The Hobbit. An Unexpected JourneyEines ist jedoch bereits jetzt klar: Die allergrößte Freude, die Peter Jackson den Fans gemacht hat, ist zugleich das größte Problem der Hobbit-Verfilmung. Es gibt beim Hobbit in erster Linie mehr von Peter Jacksons Mittelerde zu sehen, eine Rückkehr zum Herr der Ringe und ein Fest von Anspielungen auf die Trilogie, die nicht nur in den direkten Verknüpfungen (etwa durch die Rahmengeschichte mit Frodo) offenbar werden. Monumentale Minen, angeschmutzte, aber edle Helden, ätherische Elbenheime, der Zwergenwitz in zwölffacher Ausführung – sie sind alle wieder da, sogar noch ein bisschen größer und glänzender als zuvor.

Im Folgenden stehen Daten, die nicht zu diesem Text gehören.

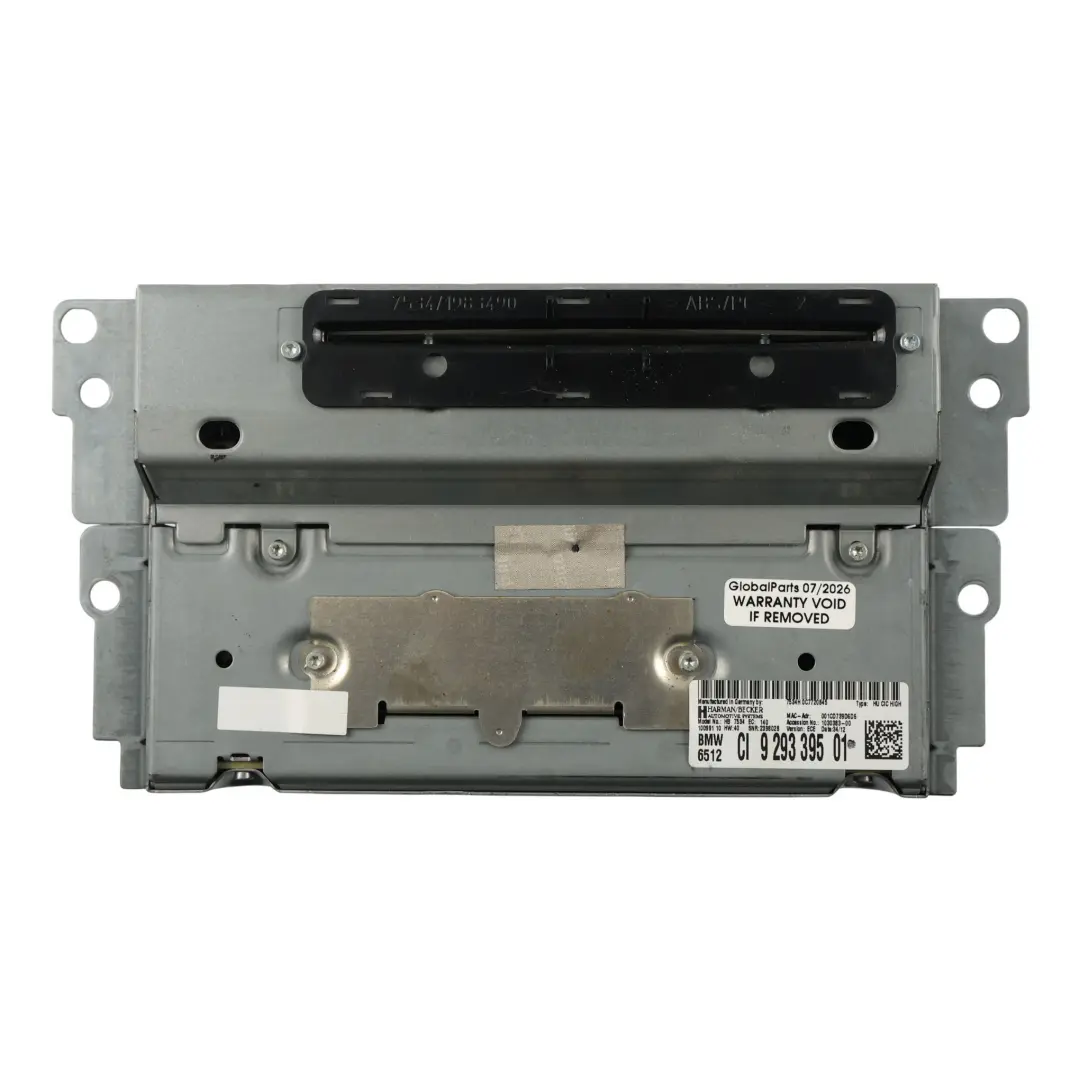F18 F06 F01 F02 F04 Sat Navigation Radio Head Unit to BMW F10 F11 F12 F13 with Part number 9293395 BMW F10 F11 F12 F13 F18 F06 F01 F02 F04 Sat Navigation Radio Head Unit - SKU 9293395 - Part number 9293395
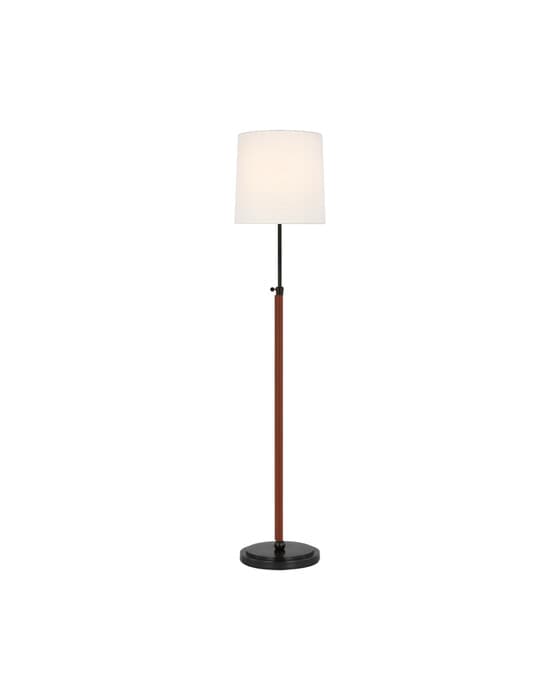 Bryant Wrapped Floor Lamp Bronze – Visual Comfort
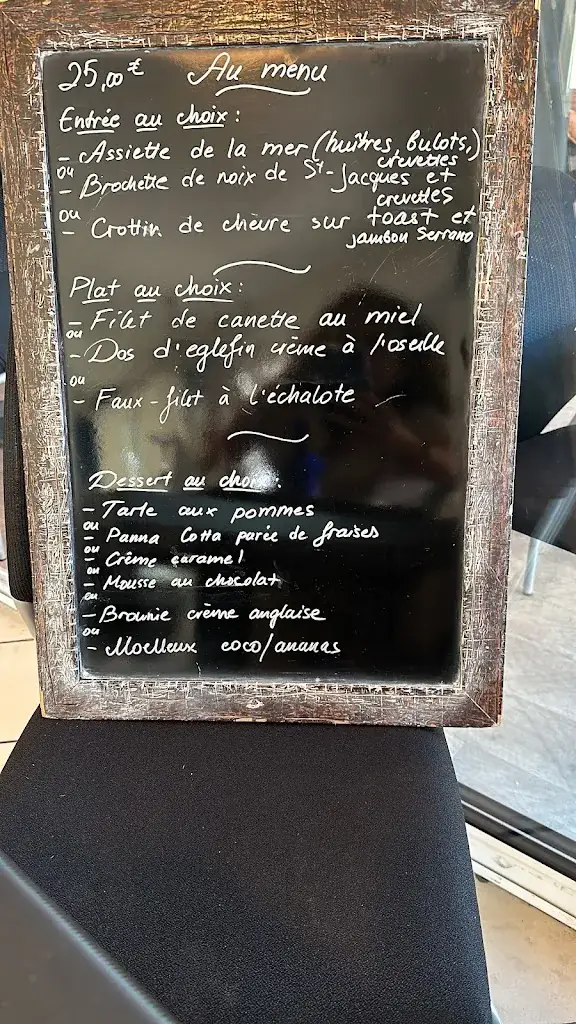 Menu_La Cabane du Mauret_Andernos-les-Bains_image_2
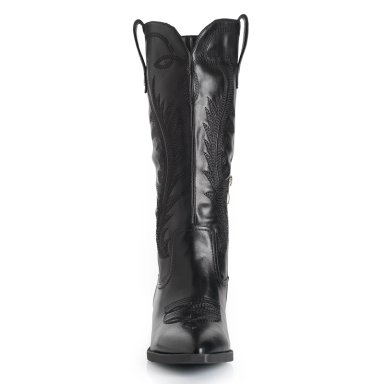BOTA MUJER VIA UNO WESTWINTER FROST NEGRO - 3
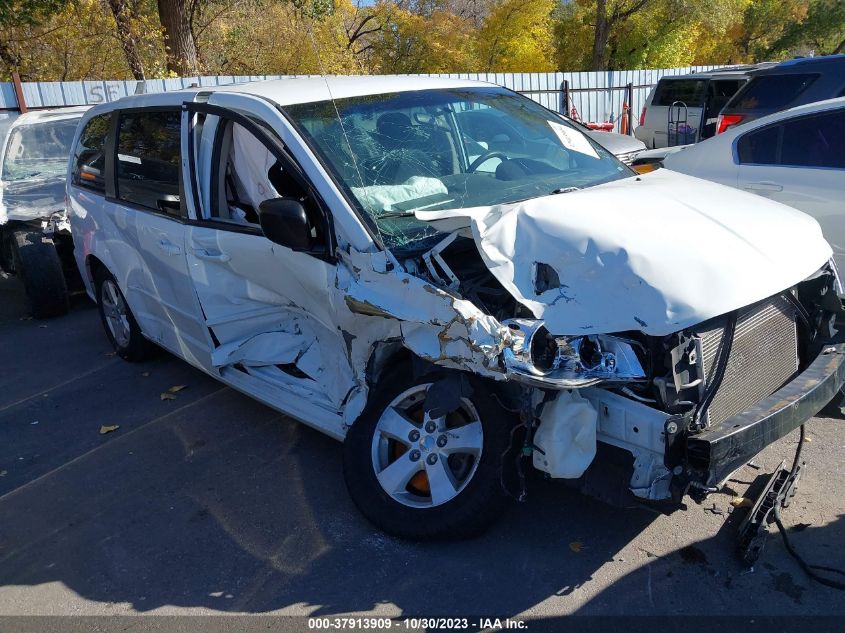 2014 DODGE GRAND CARAVAN SE - 2C4RDGBG9ER315424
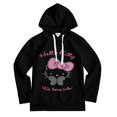 thumbnail image 3 of Hello Kitty Hoodie 3D Print Pullover Hooded Long Sleeve Sweatshirts Tops Blouse with Pocket for Boys Girls XL, 3 of 6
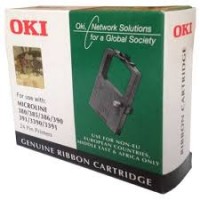 OKI 9002309 Siyah Orijinal Şerit / ML3390, ML3391, ML380, ML385, ML386, ML390, ML391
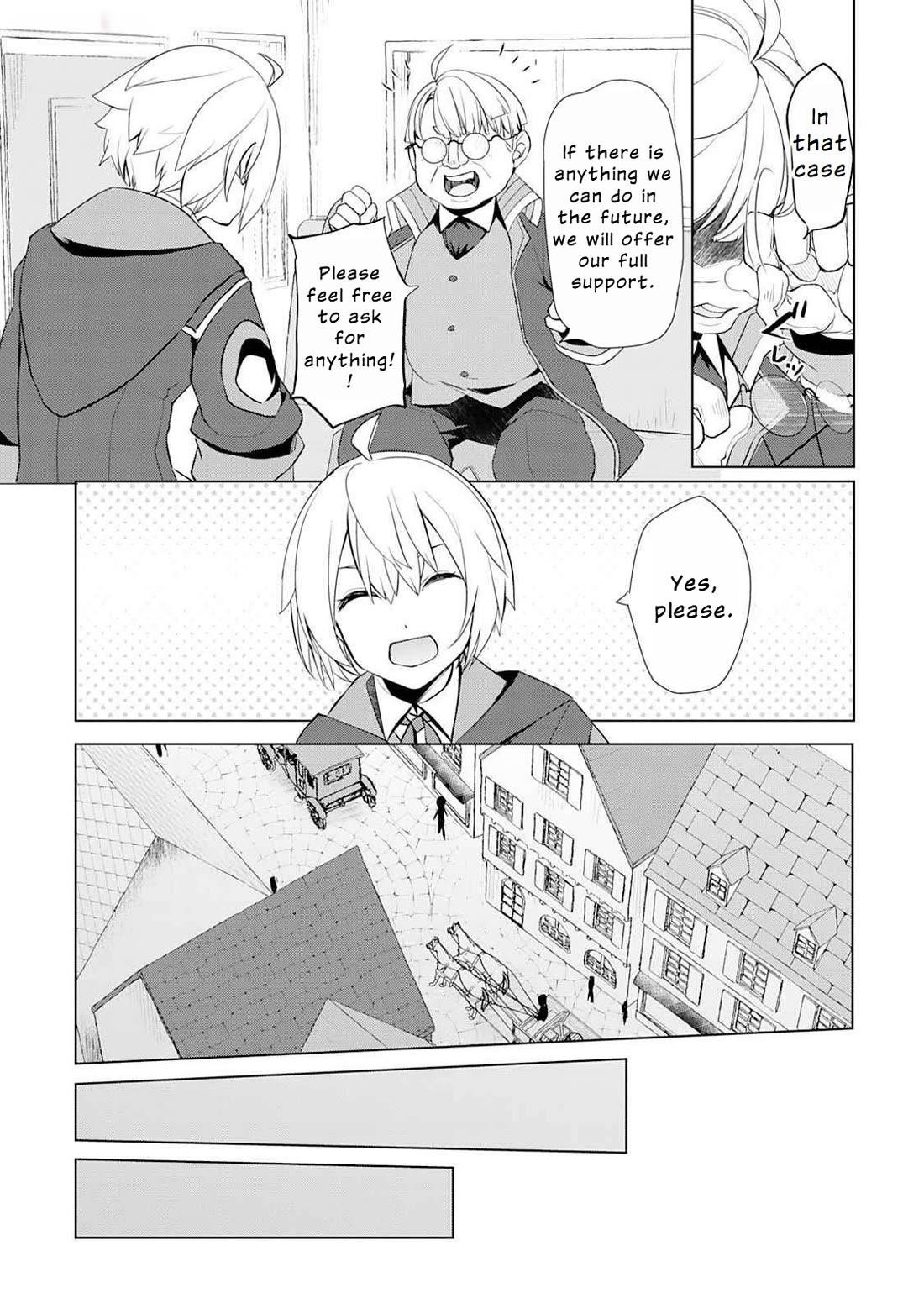 Someday Will I Be the Greatest Alchemist? Chapter 47 - Page 16 in English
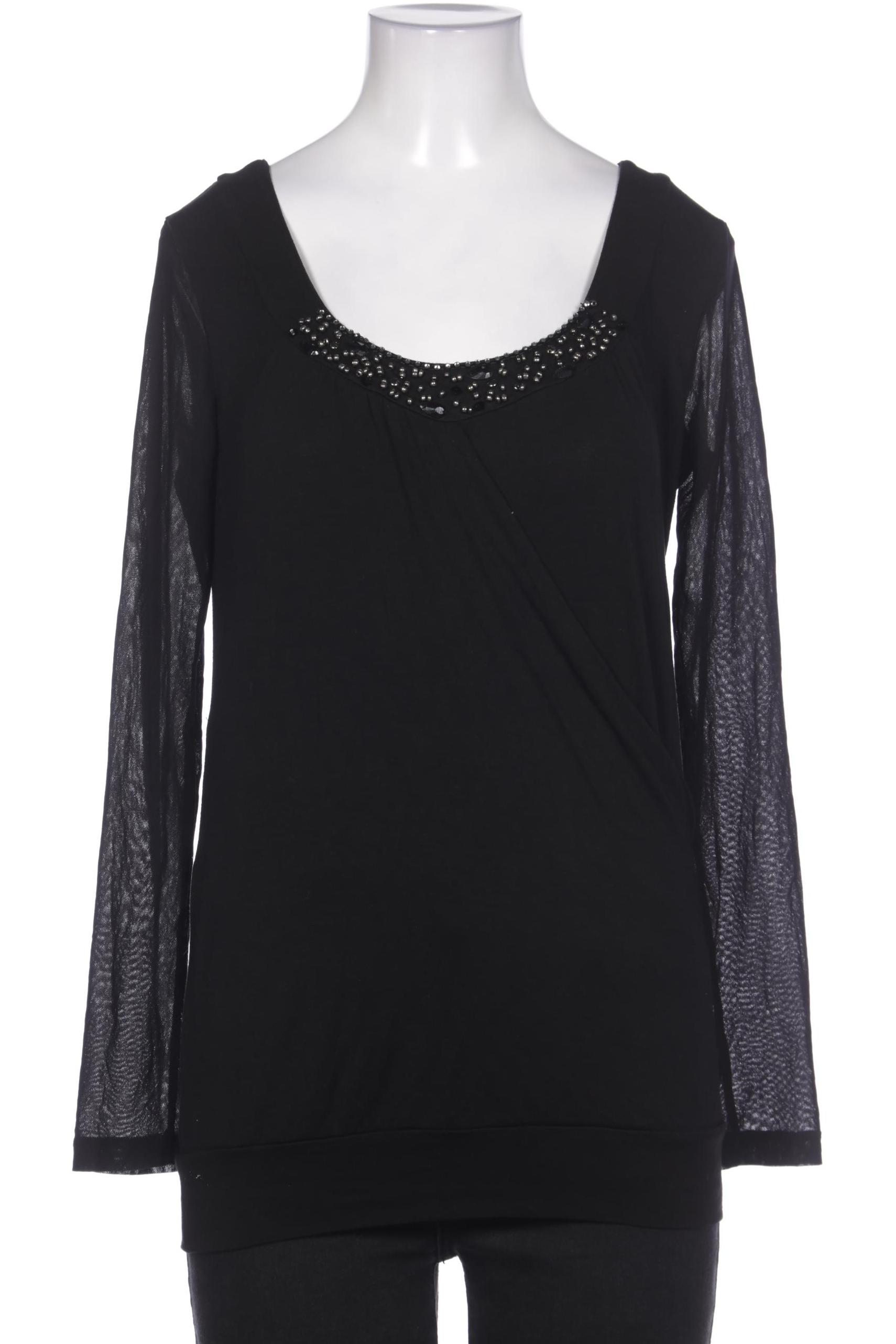 

BiBA Damen Langarmshirt, schwarz, Gr. 36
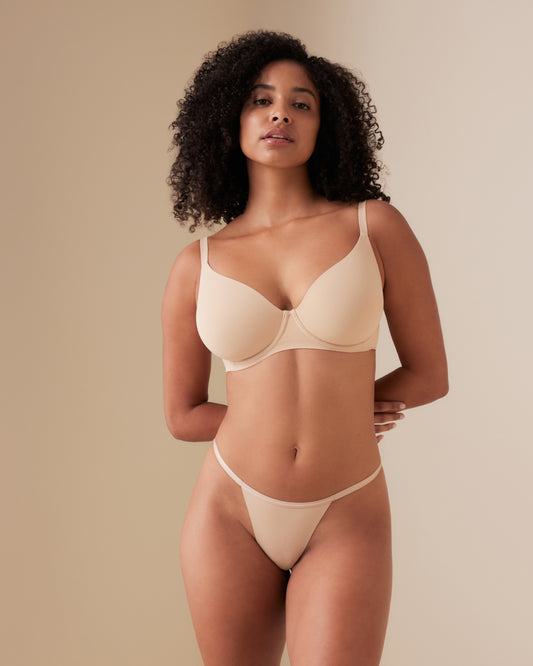 Invisibles Smooth Full Cup Demi Unlined Bra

Konnte man beim Herr der Ringe durchaus von einem Gesamtkunstwerk sprechen (ob es in allen Aspekten gelungen ist, ist eine andere Frage – aber ohne Zweifel hat die Trilogie den Fantasy-Film maßgeblich beeinflusst), brüht der Hobbit schlicht ein zweites Mal auf, was erprobt ist und beim Publikum ankommt.
Das Traurige an der Tatsache, dass Peter Jackson den Hobbit einfach als ein weiteres episches Mittelerde-Heldenstück ausgeführt hat, für das keine neue Bildsprache und Erzählweise vonnöten waren, ist die Allgegenwart seiner Interpretation, die durch den Hobbit so zementiert wurde, dass Mittelerde für Künstler nun vermutlich jahrelang verbrannte Erde sein wird.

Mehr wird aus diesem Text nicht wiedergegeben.